请问惨胜怎么翻译，就是赢了比输了还难看的意思，比如在篮球比赛里A队惨胜B队，赢得很狼狈差点被翻盘。或者两军交战，一方以伤亡惨重为代价赢得了这场战争，这种惨胜怎么翻译。


----------



## Ghabi

Hello. You may hear "Pyrrhic victory" for this meaning.


----------



## diegoclegane

Can I say ‘A team won（or suffered？） a Pyrrhic victory due to the unyielding B team’？


----------



## Ghabi

如果是体育比赛的话,Pyrrhic victory通常指比赛赢了,但是主力球员受伤;但你想说的似乎是球队勉强稳住胜出,这样的话可以说hang on for the win/victory.


----------



## diegoclegane

Ghabi said:


> hang on for the win/victory


hang on for the win 好像是有点顶住对手反扑的压力，有来有回，最终获胜的情形，没有一种很惨的状态。 惨胜一般是比如大比分领先然后轻视对手被对手打得狼狈不堪而险胜（大好局面差点输掉）


----------



## Ghabi

这种情况可以说survive a (late) scare。其实用惨胜用来表示险胜、仅胜,我也是近年才听到,以前没听人这样说,跟下面的用法明显不同:


diegoclegane said:


> 或者两军交战，一方以伤亡惨重为代价赢得了这场战争


----------



## brofeelgood

Ghabi said:


> Hello. You may hear "Pyrrhic victory" for this meaning.

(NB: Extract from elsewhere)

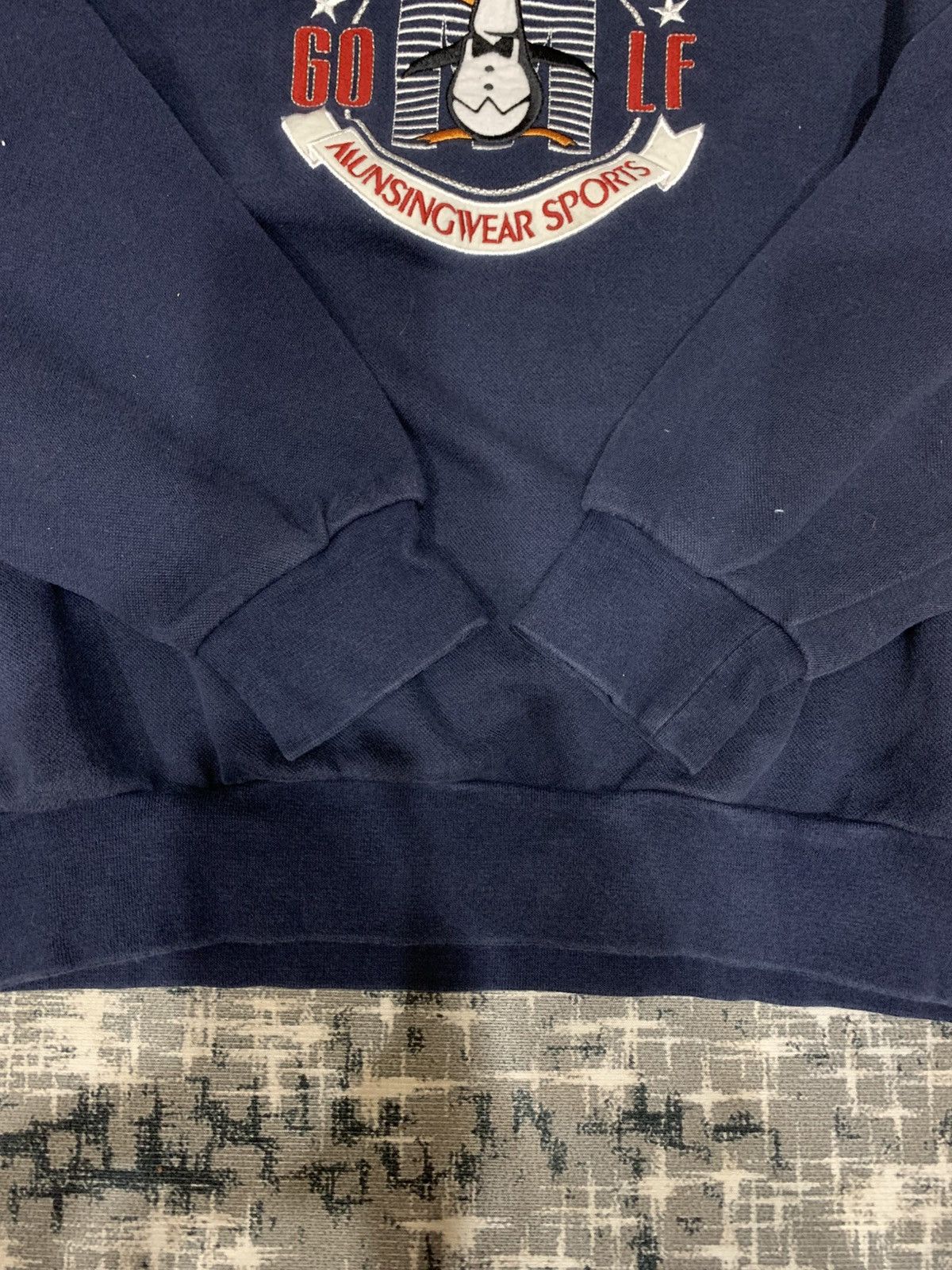 Grand Slam Vintage Grandslam Munsingwear Crewneck Sweatshirt Pullover Size US M / EU 48-50 / 2 - 4 Thumbnail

我对「惨胜」一词的理解跟Ghabi的原释一致: 杀敌一千，自损八百，是个惨烈的胜利 - to win at a great cost.



diegoclegane said:


> 惨胜一般是比如大比分领先然后轻视对手被对手打得狼狈不堪而险胜（大好局面差点输掉）


(1) To squander a comfortable lead and eke out a close victory.
(2) You almost lost it despite enjoying a seemingly unassailable lead.


----------



## diegoclegane

A team won the match by the skin of their teeth. 这句能体现出A队惨胜吗


----------



## brofeelgood

diegoclegane said:


> A team won the match by the skin of their teeth


這句話跟 'won the match by a hair/nose', 'won a narrow victory' 沒啥兩樣。它只說明了A隊是勉強地贏了比賽，但當中也不包含你要的「大比分領先」这部分。


----------



## Skatinginbc

diegoclegane said:


> 惨胜一般是比如大比分领先然后轻视对手被对手打得狼狈不堪而险胜（大好局面差点输掉）


你到底是要「惨勝」的翻譯, 還是「險勝」的翻譯?  我都弄糊塗了。


brofeelgood said:


> 杀敌一千，自损八百


那句正是韓信對白起的評價。 可憐的白起由「惨勝」到惨死, Waah!  這就是一個「惨勝」的典型例子。


----------



## diegoclegane

Skatinginbc said:


> 你到底是要「惨勝」的翻譯, 還是「險勝」的翻譯?


惨胜，那种赢得很狼狈不堪的胜利，赢了比输了还难看。体育比赛比如足球比赛，上半场A队进了B队4个球，但B队在最后补时阶段连扳3球，压得A队喘不过气，失误连连，狼狈不堪，最后比赛结束人们评论说A队惨胜。（如果比赛时间还剩多一点的话很可能A队要被B队扳平甚至是被逆转）

如果是战争，A国刚开始势如破竹打得B国节节败退，但剩一城久攻不下。最后A国强攻，杀敌一千自损三四千，人们评论A国 ‘惨胜’。


----------



## Skatinginbc

It sounds like an embarrassing win (窘勝).  For example: The winning team felt like a bunch of losers after an embarrassing win.


----------



## diegoclegane

Skatinginbc said:


> embarrassing win


----------



## diegoclegane

I came across ‘a poor second/third’ in my dictionary, so I'm just wondering can I say 'A team survived a poor win against B team' to state 'A 队惨胜'？


----------